Pages

Wednesday 29 June 2011

WOM (or W.O.M)

When I was younger I went camping. 


(Don't worry there's more to this story.) 


Probably over ninety percent of my holidays were camping holidays around europe (well, England and France... let's not get above our stations). Each year,  once or (if we were unlucky) twice, we'd stuff everything we possibly could into our little grey car. We took it all: duvets, fold-up table, chairs, buckets and spades, knives, forks, portable campfire -in the guise of a calor gas canister, shower rack, sometimes the cat... but none of the good stuff. The TV, stayed at home. The toys, stayed at home. The videos (including the prohibited Young Ones video), stayed at home. Anything that was of any use to someone who wasn't interested in picking mushrooms that, after consumption, always ended with diarrhea, seemed to stay at home. As a result whilst we were on our camping trips there was the necessity to seek out our own fun(ghi). (HAHAHA)


We, my brother and I, were given money for the whole holiday. The money had been saved from household chores like bedroom cleaning and car washing or stealing it from our sleeping grandma's handbag. On top of the saved funds, our parents contributed... on the understanding that it would be distributed throughout the holiday and not in one massive, treasure chest-like, chunk. That's right, I was essentially given 'per diems' as a reward for  putting up with sleeping in a mouldy tent and having to wee in a bucket at 2am.

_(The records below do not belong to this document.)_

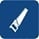 Icon for Woodworking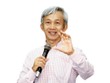 Cảm nghĩ về một Việt Nam kiên định, kiêu hãnh và chinh phục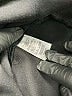 Lou & Grey Solid Black Active Pants Size XL - photo 8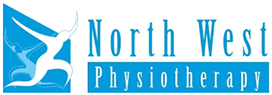 North West Physiotherapy, Fortitude Valley, QLD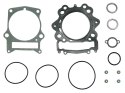 NAMURA USZCZELKI TOP-END YAMAHA YFM 700 RAPTOR '06-'20, GRIZZLY '07-'15 (810923)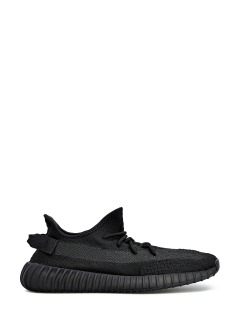 Кроссовки Yeezy Boost 350 V2 'Onyx'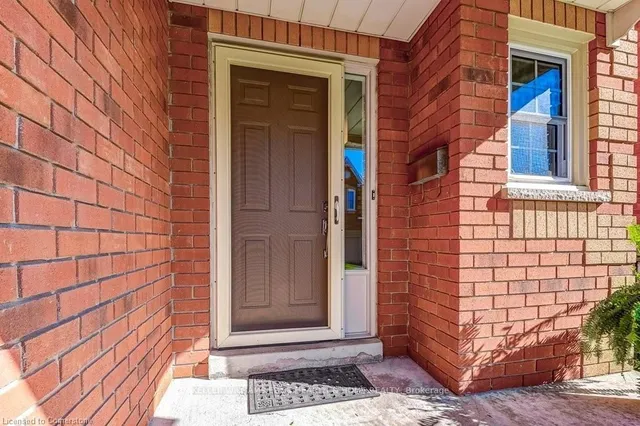 Additional image 3 of 1415 Hazelton Blvd Unit 21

I think I was given, daily, something like £2 which, at the time, was marvellous. I would ration it and try and save it so that on the last Friday of the last week I would get myself Something Good. 'Something Good' was undefinable. One holiday it was a figurine of a rock with lots of mini rocks on top with the sign: 'Rock Concert' on it, the next holiday a fluorescent fly swatter which also transformed into a frisbee. The possibilities for that £10 (I'd always managed to spend four pounds on candy floss and Push Pops), were endless. Not only were they endless, they were mine - no one was allowed to comment on my purchases before they were made (I think a crack pipe would have been an exception. Maybe). I would show them off afterwards and there might have been the odd comment, but that £10 felt like the beginnings of my own assertions at being a grown up. And then came the WOM.


I don't remember where we were (the WOM has made me erase all traces from memory), but, as always, Friday had arrived and I was searching for my 'Something Good'. My 'this will make me happy and cool AND ironically witty at the same time' (- like the Rock Concert, although at 10 I didn't know what irony or wit was. I still don't). There was so much to choose from: bucket and spades (obviously not), little plastic men who, if you threw them at a wall would stick to it (a high possibility), body boards (too expensive), furry worms that were tied to invisible cords so they looked to be moving on their own... So many choices. I knew I had to separate the wheat from the chaff, find a brilliant 'Something Good' And then... I came across it. I had found my 'Something Good Amazing'. I had found the thing I would take back home that would remove the need for the TV, for the Videos, for the cat. I had arrived. I bought it and bounded back to the mouldy tent. 
Me: "Here, look! This is what I've bought. Isn't it amazing?"
Dad: "That's a WOM".
Me: "I know! it's incredible. Look at what it....Hang on, what's a WOM"
Dad: "That is"
Me: "No.. I mean... what does WOM mean?"
Dad: "Waste. Of. Money"
Me: "But...Oh..."
My dad saw my 'Something Amazing' for what it really was: a waste of money. I was hurt, and angry and wouldn't be told. I stomped off with it and was grumpy for the rest of the holiday. It was me and the 'Something Amazing' now. In it together. To conquer the world.


What I had actually purchased was a bright orange balloon filled with sand. On the front of it was a smiley face and scribble lines for hair. If you squeezed it the face would distort and it seemed like you were sharing a joke. It also felt nice. 
In the car on the way home I squeezed it too hard. It burst and sand went everywhere. I started to cry.

 
Beware the WOM.

1 comment:

  1. I think we should start a list of top 100 WOM's. Or actually - we should call the list top 100 Something Amazings. That's much nicer. I'll start the play at: A wooden Frauline Milk Maid figurine whose limbs are held together by string - when you push a button on the bottom, the string slackens and the Milkmaid goes floppy. Standing, slouching; standing, slouching; standing, slouching!!!!Hoooray!